*Problem to work on*. Go through the lines below and repeat each one exactly, skipping pictures.

*Data*.
*** Block opens ***

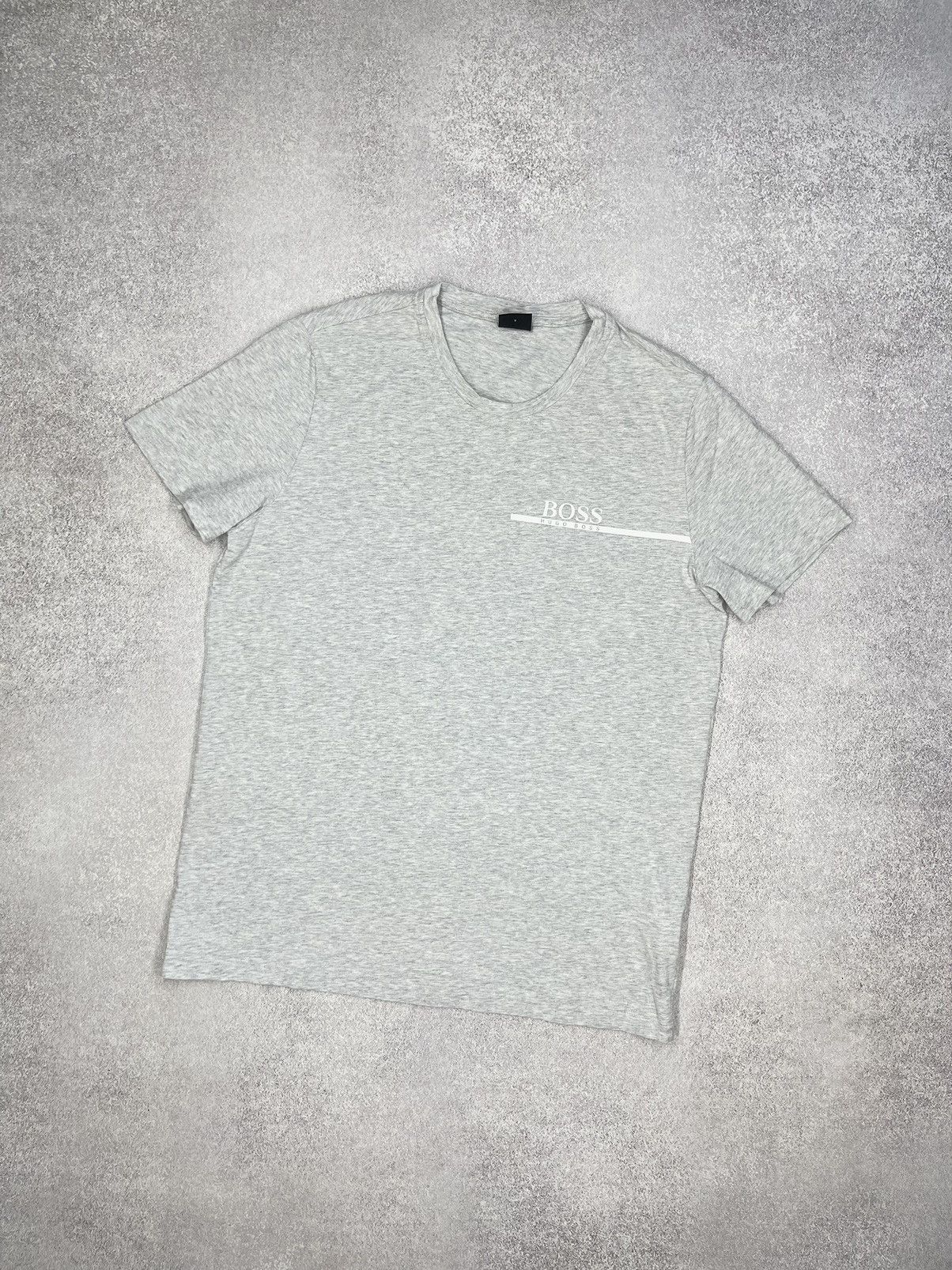Hugo Boss Mens Hugo Boss Grey T Shirt Size S Size US S / EU 44-46 / 1 - 1 Thumbnail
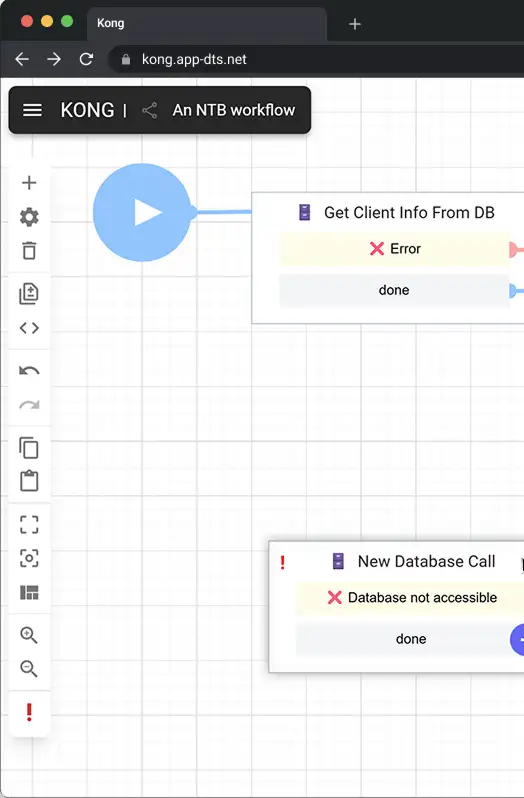 Drag and drop UI feature.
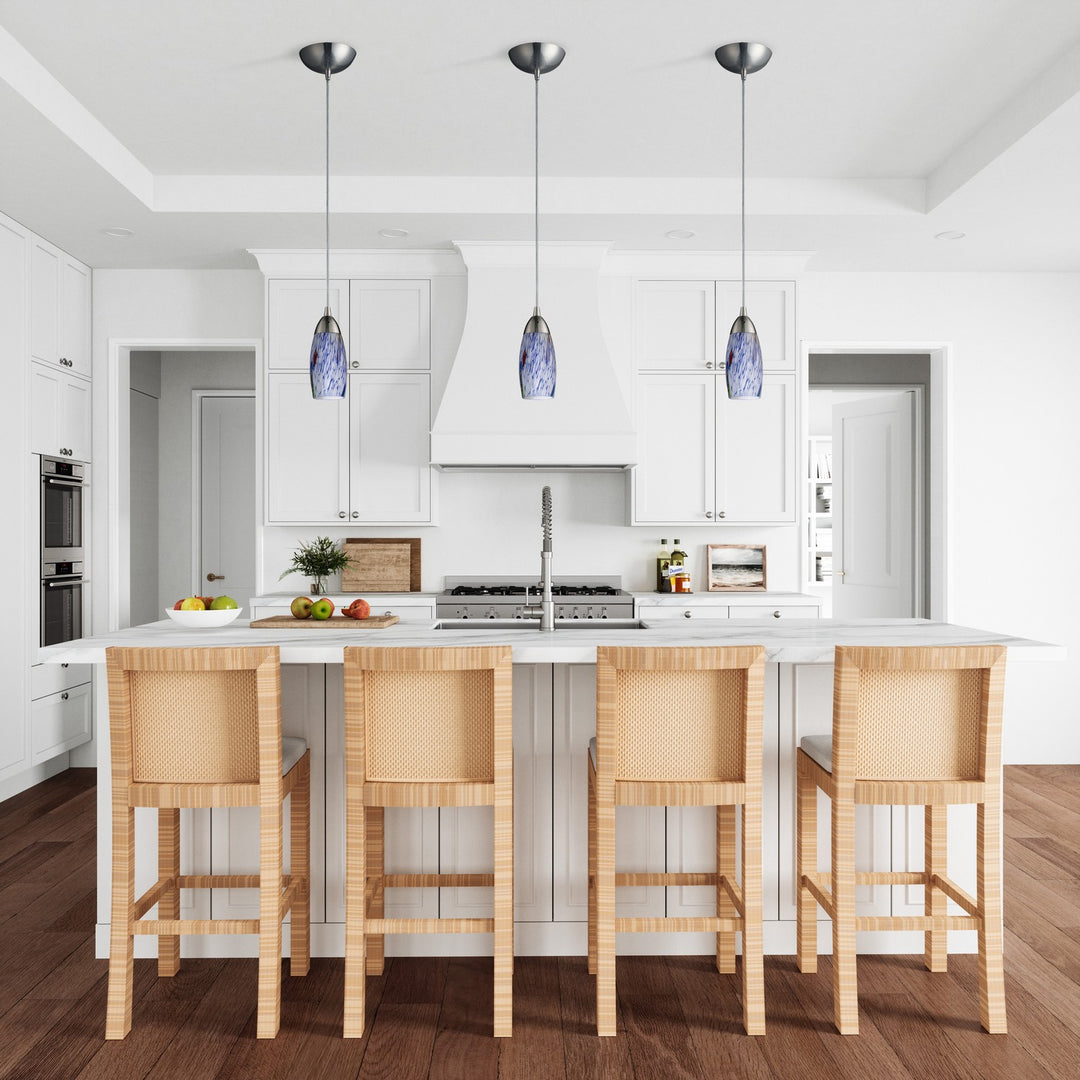 Elk Milan 110-1BL Pendant Light - Satin Nickel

*** Block closes ***

*Written solution*.
Hugo Boss Mens Hugo Boss Grey T Shirt Size S Size US S / EU 44-46 / 1 - 1 Thumbnail
 Drag and drop UI feature.
 Elk Milan 110-1BL Pendant Light - Satin Nickel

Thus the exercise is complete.